PORTLAND, Maine — Owners of a high-traffic Rite Aid Pharmacy location in Portland want to demolish the drugstore currently there and replace it with one about 50 percent larger.
“This building has outlived its useful life,” Mark Sengelmann of ALPHAarchitects, representing store owner Skowhegan Plaza Limited Partnership said during a city Planning Board workshop Tuesday. “It’s about 7,000 square feet, and we want to build one that’s more than 11,000 square feet.”
Sengelmann wrote in his application to the city Planning Department that, as a result of Rite Aid corporate store layout requirements, “our footprint is locked in as a standard 86-foot-4-inch-by-130-feet-6-inch rectangle with a corner entry.”
The architect told the board Tuesday developers plan to build two-thirds of the new building while leaving the current store open for business.
“Rite Aid doesn’t want to lose its pharmacy clients,” Sengelmann said. “They’re afraid they’ll go elsewhere if they can’t get what they need at this site for an extended [construction] period.”
The pharmacy is in a high-traffic and high-visibility location, with more than 850 vehicles on average passing by the .8-acre Congress Street spot during the peak hour starting at 4:30 p.m., with nearly 60 cars and 26 pedestrians patronizing the store during that time.

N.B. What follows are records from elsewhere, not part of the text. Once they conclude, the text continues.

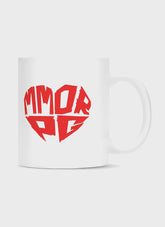 MMORPG - Herz | Tasse
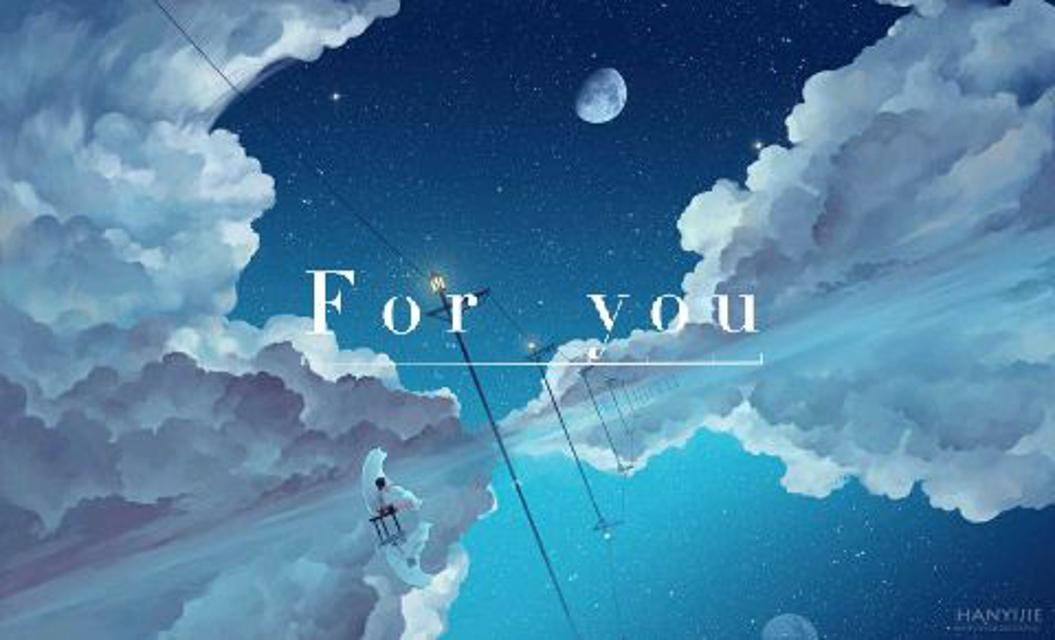 F O R Y O U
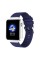 Smart Watch Mi5 pro, Sim card + камера, температура, blue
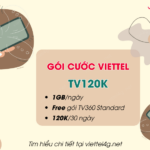 Review goi cuoc TV120K Viettel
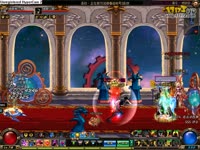 DNF审判单刷【凛冬king】BOSS图超囧_1717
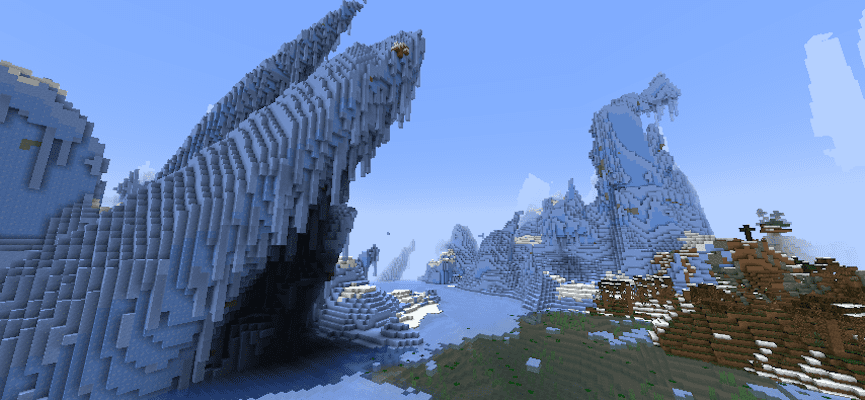 ValhallaMC SMP screenshot 1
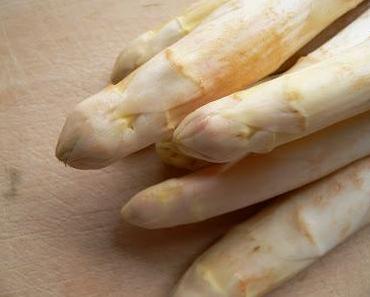 Warenkunde: Spargel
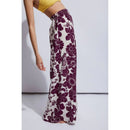 Pantalon Porto - Flower Wine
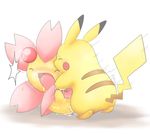  cherrim nintendo pikachu pokemon tagme 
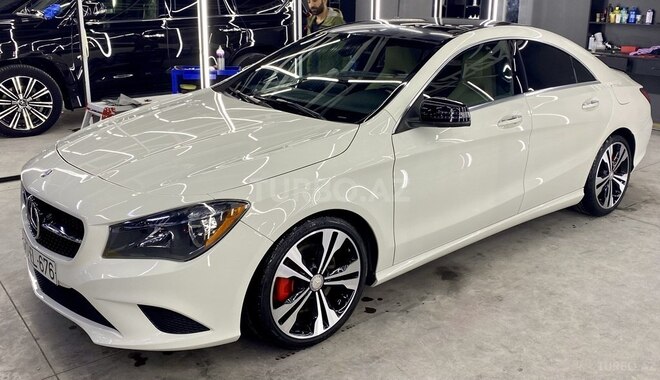 Mercedes CLA 250 2015, 146,000 km - 2.0 л - Bakı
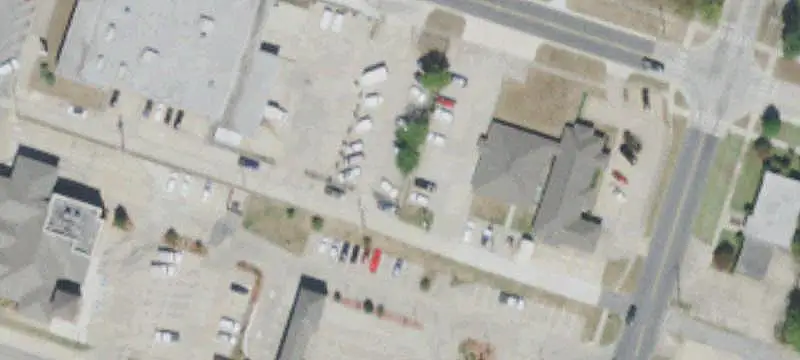Gas Station Convenience Store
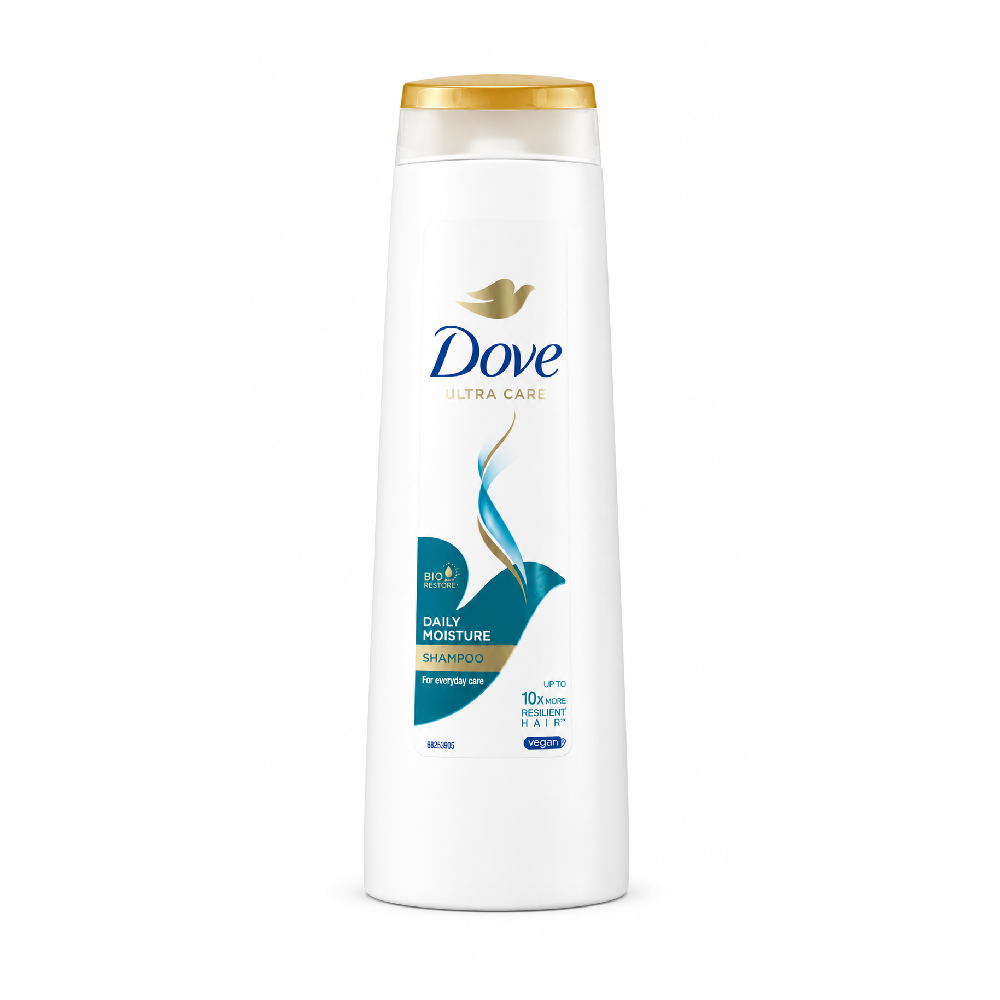 DOVE SHAMPOO ULTRA CARE DAILY MOISTURE 250 ML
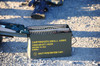 An ammuntion box with 556mm belted rounds inside Poster Print by Andrew Chittock/Stocktrek Images - Item # VARPSTACH100589M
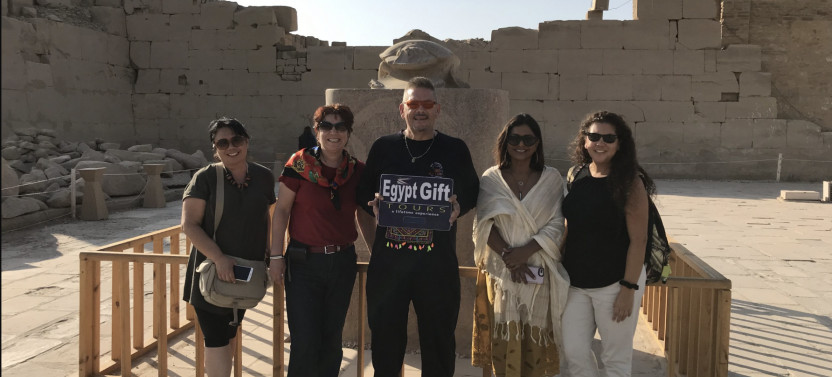 4-Night Cruise From Luxor To Aswan incl. Abu Simbel & Nubian Village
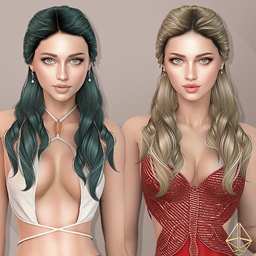 Aurum - Sirion hairstyle longer version logo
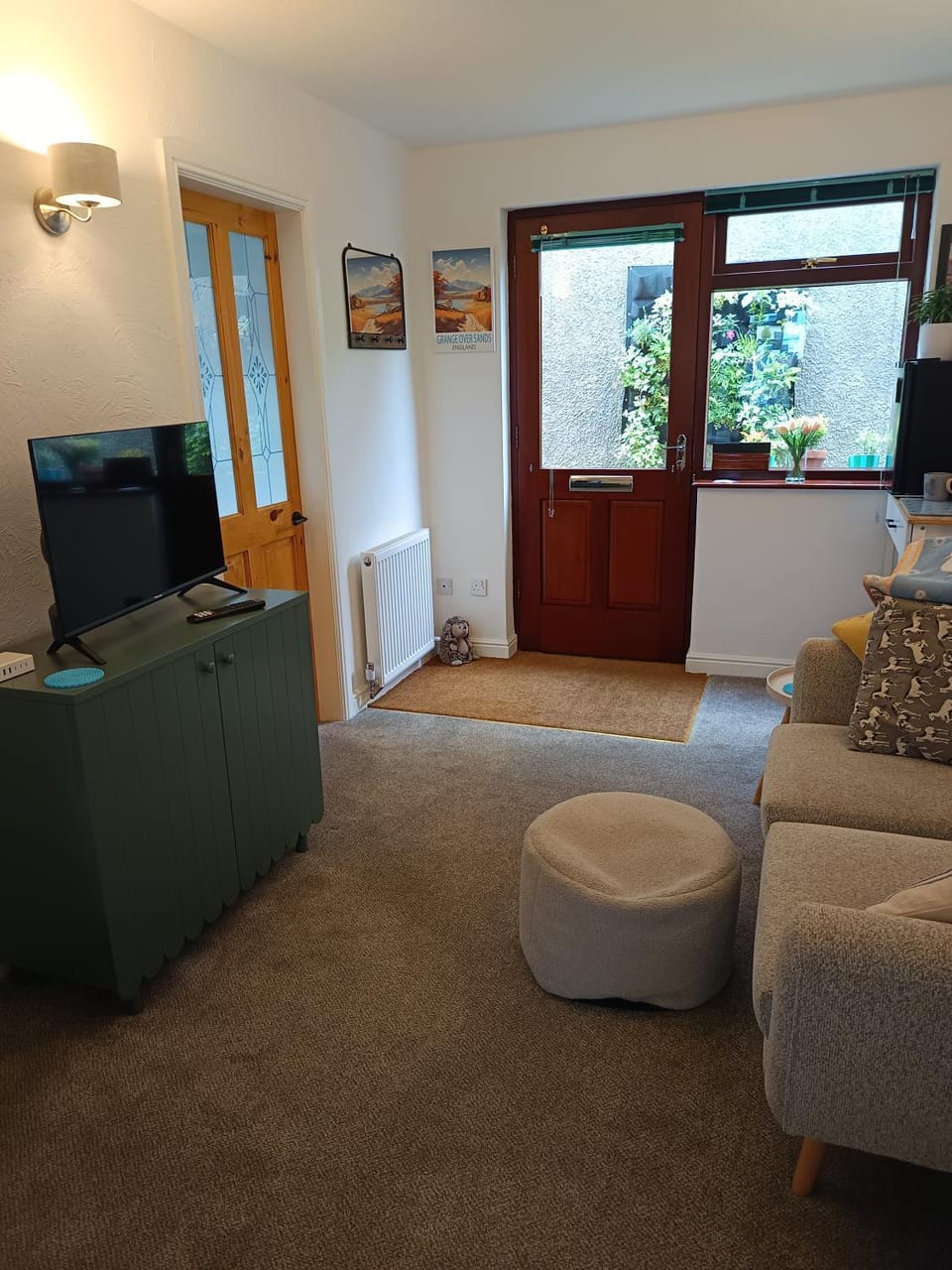 Rosemount Guest Suite House in England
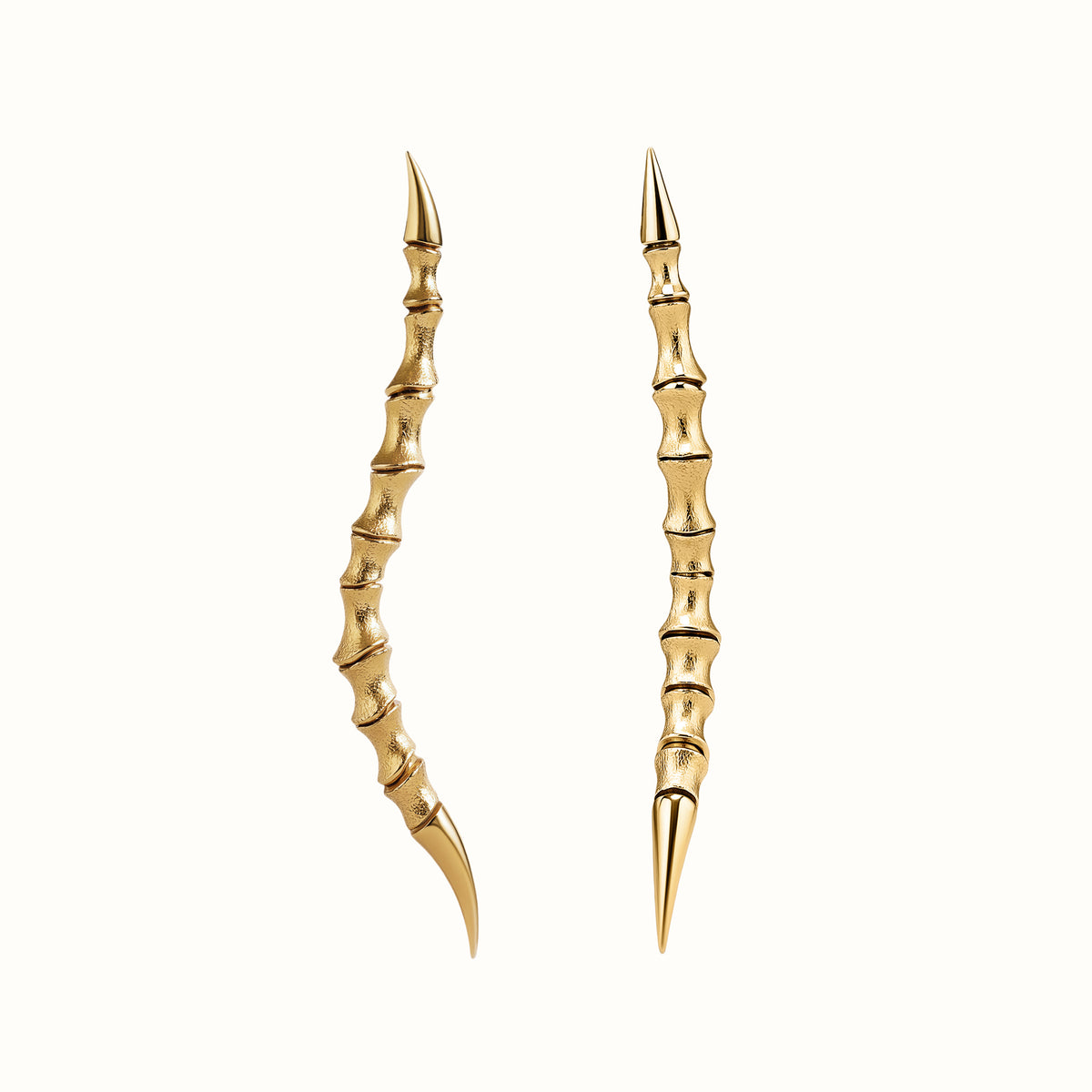 Meander Earrings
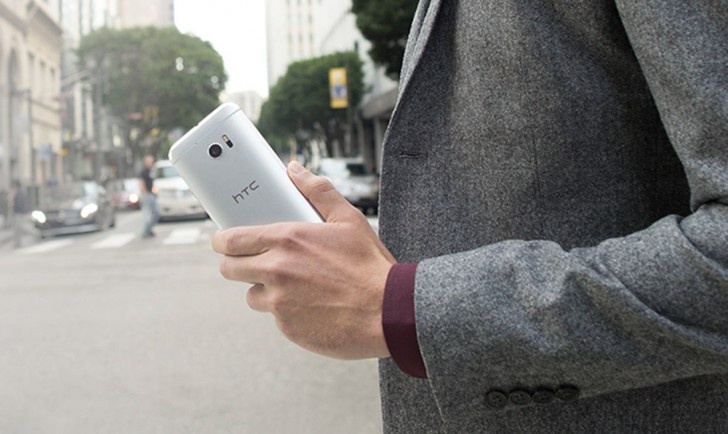 HTC 10 co ban Lifestyle cau hinh thap hinh anh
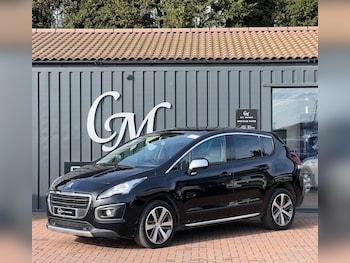 Used Peugeot 3008 2017 for sale - 77653003: Photo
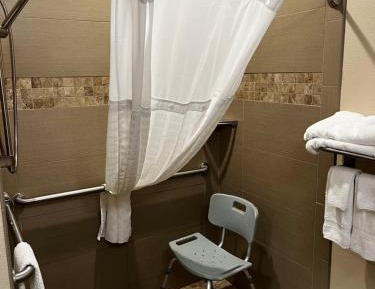 King Suite - Accessible/Non-Smoking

The 24-foot-high largely brick building will feature large windows and a vegetation bed along Congress Street. It will replace a relatively nondescript one-story structure that was constructed in 1941.
“The existing Rite Aid building has been an eyesore for some many years,” Planning Board member Jack Soley said.
“We’re really excited about the improvements this building is going to make to Congress Street,” Sengelmann told the board.
“I think it’s really an improvement over what’s there now,” said board member Bill Hall. “I think it’ll fit into the neighborhood better.”
Some area residents told the board they worried about plans to move the driveway from the east side of the property to the west, as it will no longer line up across from Dow Street, and about a possible increase in crime at the newly created back parking lot.
“We just want to make sure it’s clean,” said Keri Lord, who told the board she has lived in a building behind the Rite Aid site for 35 years. “We’re really concerned about lighting back there.”
Others expressed concerns Tuesday about how the adjacent — but privately owned — Deering Lane might be affected by the additional traffic or construction trucks.
Tuesday’s board discussion of the project was in a workshop setting, so no votes were taken. Board chairman Stuart O’Brien instructed the developers to consider the public’s questions and concerns when putting together their proposal for official approval at a later date.